About the author (2010)

One of the pioneers of 20th century American literature, Jack London specialized in tales of adventure inspired by his own experiences. London was born in San Francisco in 1876. At 14, he quit school and became an "oyster pirate," robbing oyster beds to sell his booty to the bars and restaurants in Oakland. Later, he turned on his pirate associates and joined the local Fish Patrol, resulting in some hair-raising waterfront battles. Other youthful activities included sailing on a seal-hunting ship, traveling the United States as a railroad tramp, a jail term for vagrancy and a hazardous winter in the Klondike during the 1897 gold rush. Those experiences converted him to socialism, as he educated himself through prolific reading and began to write fiction. After a struggling apprenticeship, London hit literary paydirt by combining memories of his adventures with Darwinian and Spencerian evolutionary theory, the Nietzchean concept of the "superman" and a Kipling-influenced narrative style. "The Son of the Wolf"(1900) was his first popular success, followed by 'The Call of the Wild" (1903), "The Sea-Wolf" (1904) and "White Fang" (1906). He also wrote nonfiction, including reportage of the Russo-Japanese War and Mexican revolution, as well as "The Cruise of the Snark" (1911), an account of an eventful South Pacific sea voyage with his wife, Charmian, and a rather motley crew.

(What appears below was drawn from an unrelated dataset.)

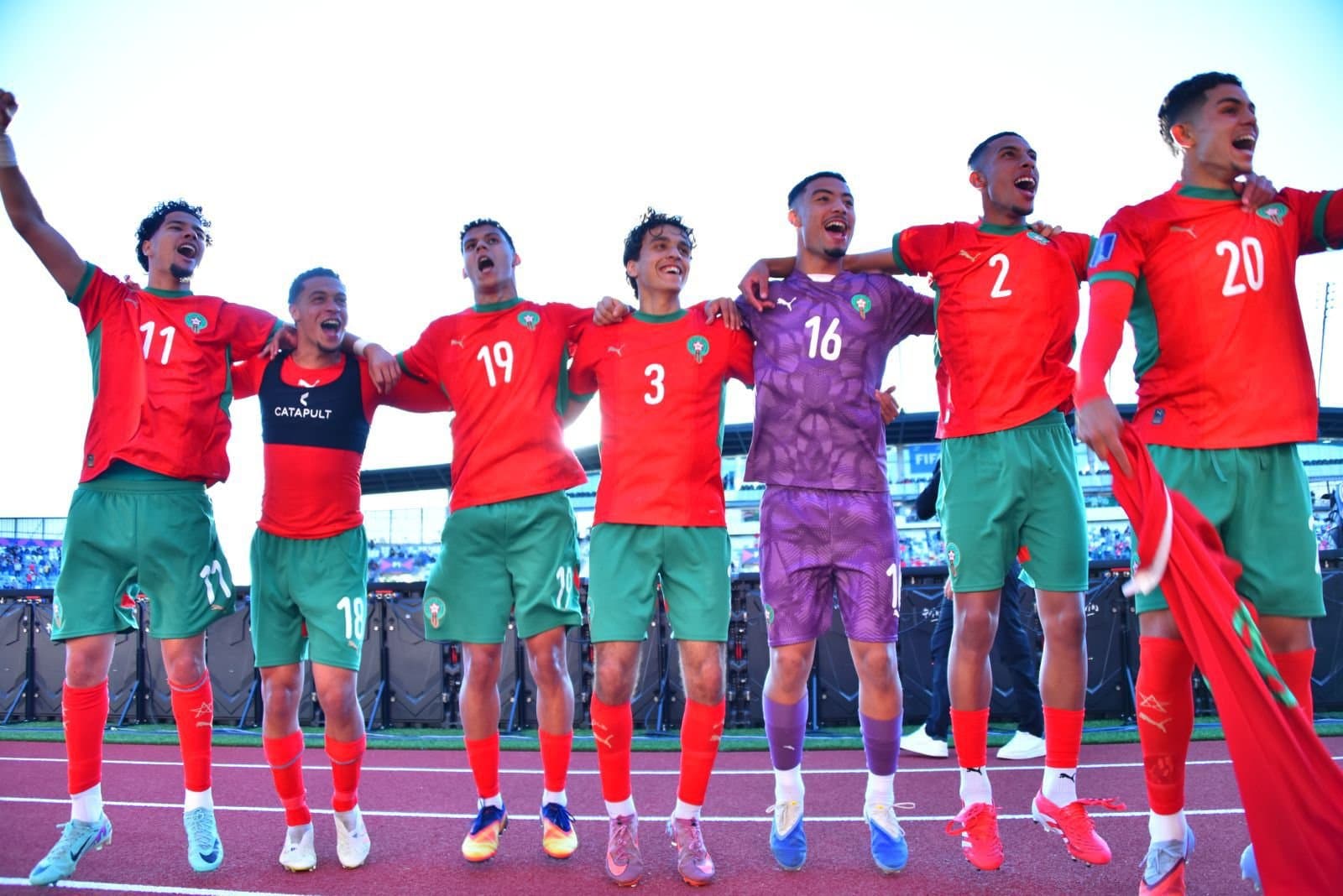 المغرب يتأهل إلى نصف نهائي مونديال الشباب بالفوز على أمريكا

London's body broke down prematurely from his rugged lifestyle and hard drinking, and he died of uremic poisoning - possibly helped along by a morphine overdose - at his California ranch in 1916. Though his massive output is uneven, his best works - particularly "The Call of the Wild" and "White Fang" - have endured because of their rich subject matter and vigorous prose.